## Records for this exercise
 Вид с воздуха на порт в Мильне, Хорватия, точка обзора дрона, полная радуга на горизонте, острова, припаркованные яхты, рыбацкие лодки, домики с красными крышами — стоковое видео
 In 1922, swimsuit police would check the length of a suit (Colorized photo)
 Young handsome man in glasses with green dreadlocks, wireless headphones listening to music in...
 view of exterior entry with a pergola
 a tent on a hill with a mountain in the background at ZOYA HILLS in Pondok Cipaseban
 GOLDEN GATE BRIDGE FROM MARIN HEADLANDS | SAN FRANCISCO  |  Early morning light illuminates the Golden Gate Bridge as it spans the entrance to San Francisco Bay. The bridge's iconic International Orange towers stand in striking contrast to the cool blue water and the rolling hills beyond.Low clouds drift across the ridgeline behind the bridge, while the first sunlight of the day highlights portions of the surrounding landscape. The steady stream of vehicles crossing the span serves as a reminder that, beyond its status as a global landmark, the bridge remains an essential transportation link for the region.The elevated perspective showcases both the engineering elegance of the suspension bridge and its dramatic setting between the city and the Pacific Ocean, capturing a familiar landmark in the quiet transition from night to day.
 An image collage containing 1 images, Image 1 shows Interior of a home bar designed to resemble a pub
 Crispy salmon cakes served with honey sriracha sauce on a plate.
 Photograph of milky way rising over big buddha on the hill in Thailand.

## The problem
The entries shown above must be restated word for word.

## Output of the task
 Вид с воздуха на порт в Мильне, Хорватия, точка обзора дрона, полная радуга на горизонте, острова, припаркованные яхты, рыбацкие лодки, домики с красными крышами — стоковое видео
 In 1922, swimsuit police would check the length of a suit (Colorized photo)
 Young handsome man in glasses with green dreadlocks, wireless headphones listening to music in...
 view of exterior entry with a pergola
 a tent on a hill with a mountain in the background at ZOYA HILLS in Pondok Cipaseban
 GOLDEN GATE BRIDGE FROM MARIN HEADLANDS | SAN FRANCISCO  |  Early morning light illuminates the Golden Gate Bridge as it spans the entrance to San Francisco Bay. The bridge's iconic International Orange towers stand in striking contrast to the cool blue water and the rolling hills beyond.Low clouds drift across the ridgeline behind the bridge, while the first sunlight of the day highlights portions of the surrounding landscape. The steady stream of vehicles crossing the span serves as a reminder that, beyond its status as a global landmark, the bridge remains an essential transportation link for the region.The elevated perspective showcases both the engineering elegance of the suspension bridge and its dramatic setting between the city and the Pacific Ocean, capturing a familiar landmark in the quiet transition from night to day.
 An image collage containing 1 images, Image 1 shows Interior of a home bar designed to resemble a pub
 Crispy salmon cakes served with honey sriracha sauce on a plate.
 Photograph of milky way rising over big buddha on the hill in Thailand.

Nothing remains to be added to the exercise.